A Charlotte woman will spend the next four years in prison after defrauding hundreds of people, federal prosecutors say.
Carissa Eugenia Brown, 35, duped debtors from across the country into paying her, according to a news release from United States Attorney for the Western District of North Carolina Dena King’s office.
From 2015 to July 2020 Brown contacted people who had been sued by creditors for outstanding debt and “falsely represented that she was authorized to collect the debt on behalf of those creditors,” the release said. She offered the debtors to “settle” for a reduced amount — provided that they paid the reduced amount in full or immediately began paying her, according to the release.
“Brown also employed threatening and harassing pressure tactics to fraudulently induce victims to pay her, including threatening to garnish victims’ wages, to seize victims’ bank accounts, or to file judgments in court if payment on the debt was not received,” the release said.
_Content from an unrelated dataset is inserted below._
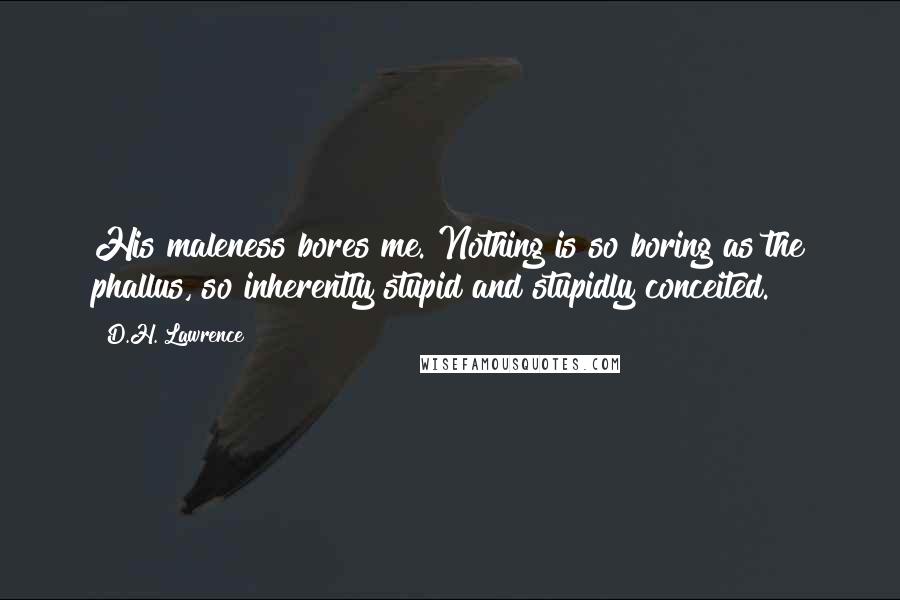 D.H. Lawrence Quotes: His maleness bores me. Nothing is so boring as the phallus, so inherently stupid and stupidly conceited.
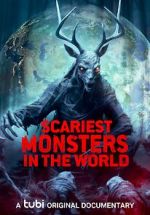 Watch Scariest Monsters in the World 123movieshub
Brown buttressed her scheme with three businesses that she registered in North Carolina, as well as official-looking documents and voicemails where she pretended to be calling from a law firm, according to court documents.
Victims were stuck between paying their debts twice or staying on the true creditor’s default list.
The total payout: $1.9 million.
She will have to pay the bulk of that as restitution. And she will serve 54 months in prison, and another three years under court supervision once she is released, according to the release.
Brown, who went through multiple attorneys, filed a number of documents pro se. Those included motions to withdraw her own guilty plea.
“Defendant has taken the position throughout this case that the Government has no authority over her (e.g., she espouses ‘sovereign citizen’ theories),” United States Magistrate Judge David Keesler wrote in one court document.
District Judge Max Cogburn denied the motions.
Brown previously pleaded guilty to wire fraud and money laundering. She is in federal custody.